EXTRACTED INFORMATION >>
=-=-=-=-=
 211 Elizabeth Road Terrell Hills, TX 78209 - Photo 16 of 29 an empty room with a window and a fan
=-=-=-=-=
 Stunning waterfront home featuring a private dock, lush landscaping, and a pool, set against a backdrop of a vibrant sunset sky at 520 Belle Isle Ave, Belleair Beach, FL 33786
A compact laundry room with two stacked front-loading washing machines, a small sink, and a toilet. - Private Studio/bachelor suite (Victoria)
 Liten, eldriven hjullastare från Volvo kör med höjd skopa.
=-=-=-=-=
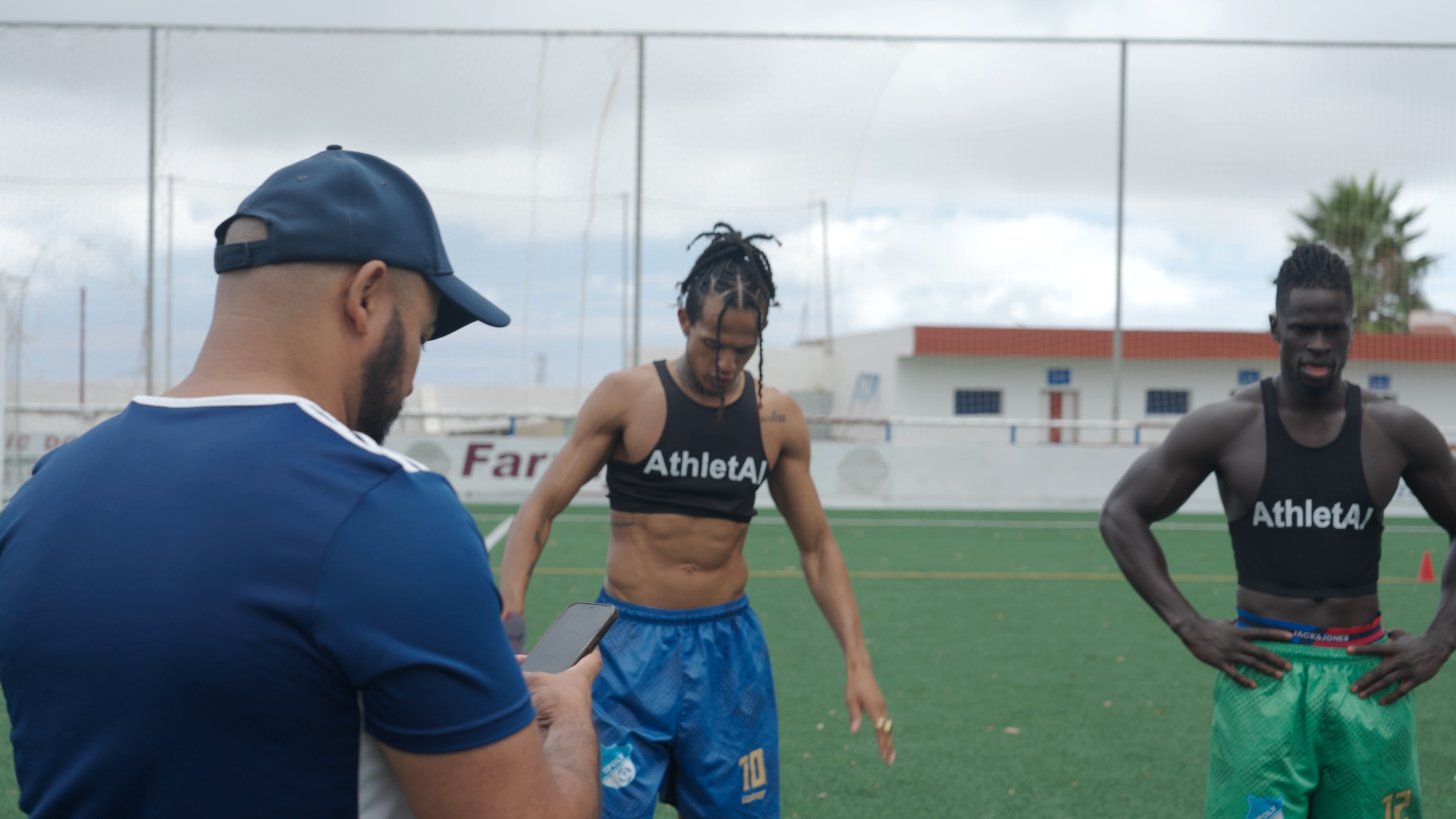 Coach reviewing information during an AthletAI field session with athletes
=-=-=-=-=
WHAT YOU ARE ASKED TO DO >> In the data above, find the line that contains "Stunning waterfront home" and the line that contains "Liten, eldriven hjullastare". Repeat exactly those lines and every line between them, and only those.

EXERCISE SOLUTION >>
 Stunning waterfront home featuring a private dock, lush landscaping, and a pool, set against a backdrop of a vibrant sunset sky at 520 Belle Isle Ave, Belleair Beach, FL 33786
A compact laundry room with two stacked front-loading washing machines, a small sink, and a toilet. - Private Studio/bachelor suite (Victoria)
 Liten, eldriven hjullastare från Volvo kör med höjd skopa.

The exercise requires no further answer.